--- WHAT YOU ARE ASKED TO DO ---
From the first entry to the last, copy each one exactly.

EXERCISE DATA below:

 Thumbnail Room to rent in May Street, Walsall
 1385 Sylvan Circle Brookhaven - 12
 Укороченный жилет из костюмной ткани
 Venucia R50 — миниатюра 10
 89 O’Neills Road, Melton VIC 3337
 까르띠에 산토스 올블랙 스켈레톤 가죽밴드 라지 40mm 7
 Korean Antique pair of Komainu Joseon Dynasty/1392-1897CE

End of EXERCISE DATA.

--- TASK ANSWER ---
 Thumbnail Room to rent in May Street, Walsall
 1385 Sylvan Circle Brookhaven - 12
 Укороченный жилет из костюмной ткани
 Venucia R50 — миниатюра 10
 89 O’Neills Road, Melton VIC 3337
 까르띠에 산토스 올블랙 스켈레톤 가죽밴드 라지 40mm 7
 Korean Antique pair of Komainu Joseon Dynasty/1392-1897CE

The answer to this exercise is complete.